In [1]:
import os
import pandas as pd
import numpy as np
import matplotlib.pyplot as plt
from tqdm import tqdm
from tensorflow.keras.layers import LSTM, Dense, Dropout, Input
from tensorflow.keras.models import Sequential
from tensorflow.keras.losses import SparseCategoricalCrossentropy
from tensorflow.keras.optimizers import Adam
from tensorflow.keras.callbacks import EarlyStopping
from sklearn import svm
from sklearn.ensemble import RandomForestClassifier
from sklearn.tree import DecisionTreeClassifier, export_text, export_graphviz
from sklearn.metrics import classification_report, confusion_matrix, accuracy_score
from sklearn.model_selection import KFold, cross_val_score, train_test_split
from sklearn.preprocessing import StandardScaler
from xgboost import XGBClassifier

2023-07-07 06:36:32.320570: I tensorflow/core/platform/cpu_feature_guard.cc:182] This TensorFlow binary is optimized to use available CPU instructions in performance-critical operations.
To enable the following instructions: AVX2 FMA, in other operations, rebuild TensorFlow with the appropriate compiler flags.


In [2]:
data_folder = 'car_hacking_data/'
print(os.listdir(data_folder))

['normal_run_data.txt', 'DoS_dataset.csv', 'Fuzzy_dataset.csv', 'gear_dataset.csv', 'RPM_dataset.csv']


In [3]:
rpm_data_path = os.path.join(data_folder, 'RPM_dataset.csv')
gear_data_path = os.path.join(data_folder, 'gear_dataset.csv')
dos_data_path = os.path.join(data_folder, 'DoS_dataset.csv')
fuzzy_data_path = os.path.join(data_folder, 'Fuzzy_dataset.csv')

In [4]:
def hex_to_bin(hex_num):
    
    binary_value = bin(int(str(hex_num), 16))[2:]
    
    return binary_value

def int_to_bin(int_num):
    
    binary_value = bin(int_num)[2:]
    
    return binary_value

def pad(value, length):
    
    curr_length = len(str(value))
    
    zeros = '0' * (length - curr_length)
    
    return zeros + value

hex_to_dec = lambda x: int(x, 16)

In [5]:
## Since there are varying DLCs (2,5,6,8) in order to maintain data integrity
## The data must be padded with 00s when DLC < 8

def shift_columns(df):
    
    for dlc in [2,5,6]:

        df.loc[df['dlc'] == dlc, df.columns[3:]] = df.loc[df['dlc'] == dlc, df.columns[3:]].shift(periods=8-dlc, axis='columns', fill_value='00')

    return df
    

In [6]:
def read_attack_data(data_path):
    
    columns = ['timestamp','can_id', 'dlc', 'data0', 'data1', 'data2', 'data3', 'data4', 
           'data5', 'data6', 'data7', 'flag']
    
    data = pd.read_csv(data_path, names = columns)

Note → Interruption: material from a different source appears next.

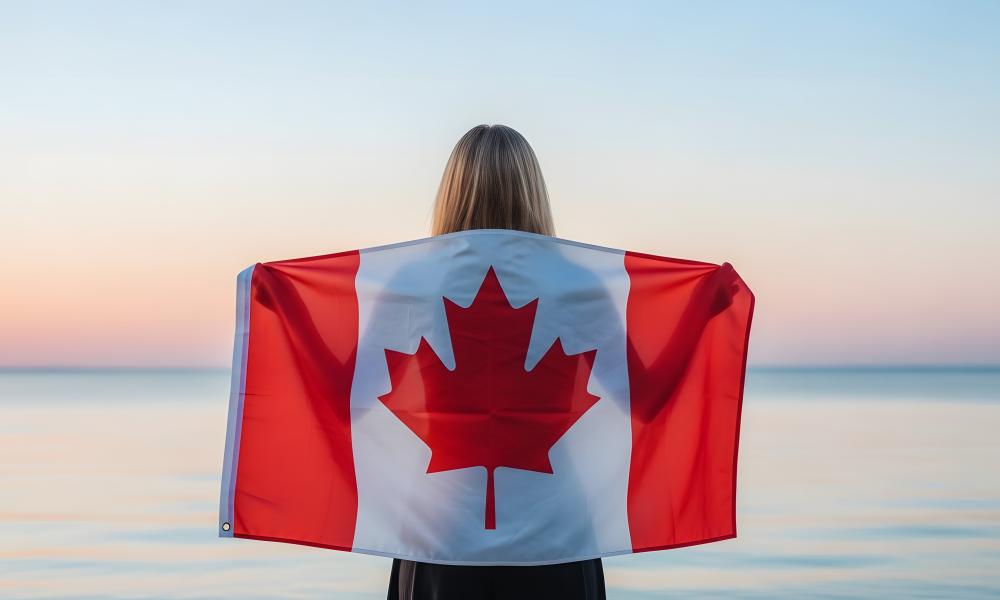 Person standing facing the beach with a canada flag across their back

    data = shift_columns(data)
    
    ##Replacing all NaNs with '00' 
    data = data.replace(np.NaN, '00')
    
    ##Joining all data columns to put all data in one column
    data_cols = ['data0', 'data1', 'data2', 'data3', 'data4', 'data5', 'data6', 'data7']
    
    ##The data column is in hexadecimal
    data['data'] = data[data_cols].apply(''.join, axis=1)
    data.drop(columns = data_cols, inplace = True, axis = 1)
    
    ##Converting columns to decimal
    data['can_id'] = data['can_id'].apply(hex_to_dec)
    data['data'] = data['data'].apply(hex_to_dec)
    
    data = data.assign(IAT=data['timestamp'].diff().fillna(0))
    
    return data

    

In [7]:
normal_data_path = os.path.join(data_folder, 'normal_run_data.txt')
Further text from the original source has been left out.